=== Description of the task ===
Starting with the line that has "Dlop Cooking Academyの代表「星野春香」が生徒と一緒に笑顔で料理をしている" in the records below and ending with the line that has "Two men smiling", output those lines exactly and nothing more; omit the pictures.

=== Data for review ===

╭──

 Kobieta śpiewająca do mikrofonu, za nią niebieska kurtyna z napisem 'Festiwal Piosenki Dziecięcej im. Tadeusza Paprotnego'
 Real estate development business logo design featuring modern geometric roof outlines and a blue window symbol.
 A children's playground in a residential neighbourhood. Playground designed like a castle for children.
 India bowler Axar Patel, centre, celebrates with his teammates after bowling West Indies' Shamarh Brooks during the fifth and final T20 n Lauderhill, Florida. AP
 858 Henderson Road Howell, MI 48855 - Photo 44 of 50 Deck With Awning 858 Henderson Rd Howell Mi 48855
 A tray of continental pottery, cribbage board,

╰──
╭──

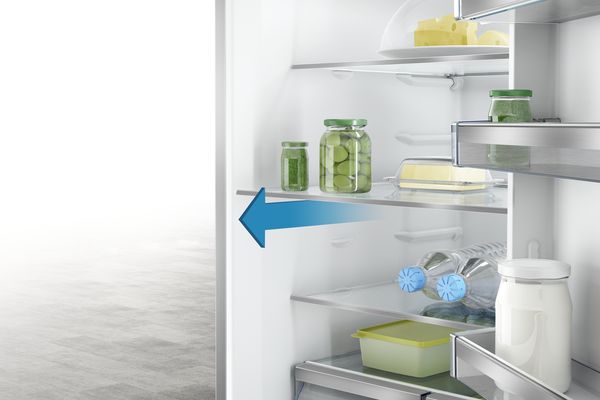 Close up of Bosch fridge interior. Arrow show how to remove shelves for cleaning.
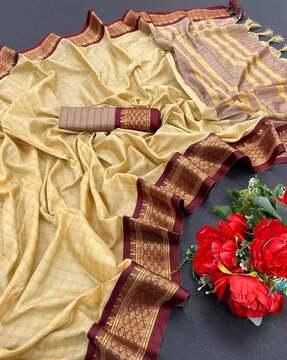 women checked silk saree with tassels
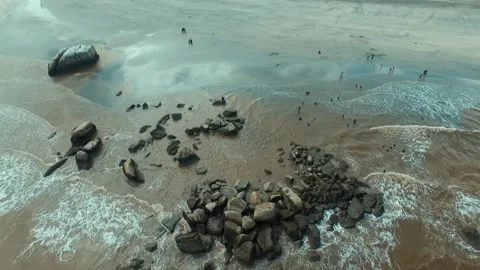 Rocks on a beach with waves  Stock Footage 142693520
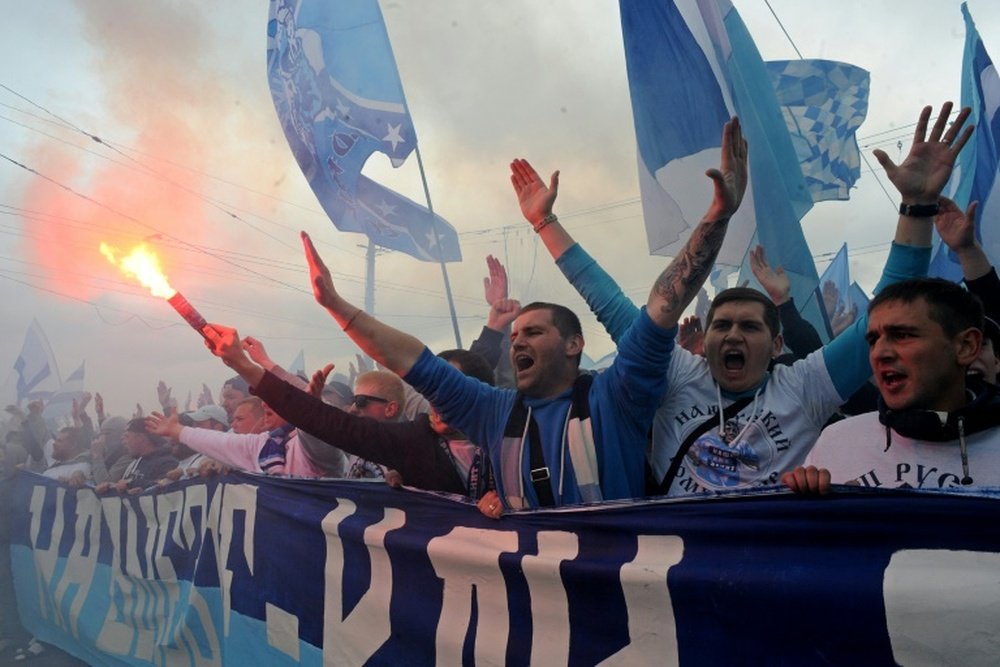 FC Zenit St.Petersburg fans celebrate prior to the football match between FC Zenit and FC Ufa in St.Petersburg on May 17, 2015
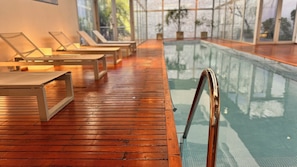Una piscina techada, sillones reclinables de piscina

╰──
╭──

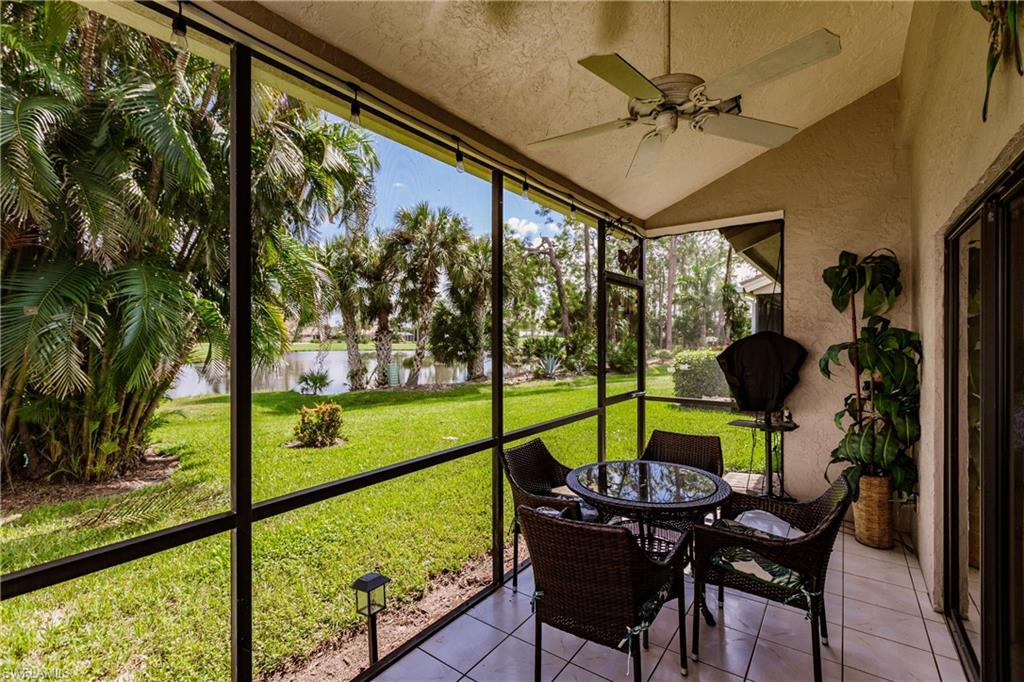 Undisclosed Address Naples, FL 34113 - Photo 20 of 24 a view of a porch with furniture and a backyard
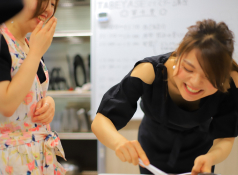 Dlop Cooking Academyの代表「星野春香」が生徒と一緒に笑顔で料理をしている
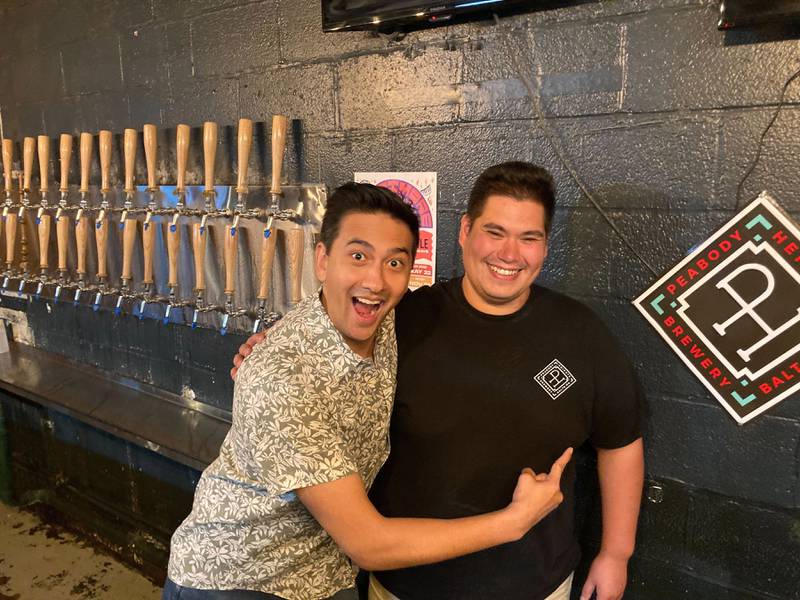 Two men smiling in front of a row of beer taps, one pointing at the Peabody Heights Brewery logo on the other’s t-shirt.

╰──

=== Output below ===
 Dlop Cooking Academyの代表「星野春香」が生徒と一緒に笑顔で料理をしている
 Two men smiling in front of a row of beer taps, one pointing at the Peabody Heights Brewery logo on the other’s t-shirt.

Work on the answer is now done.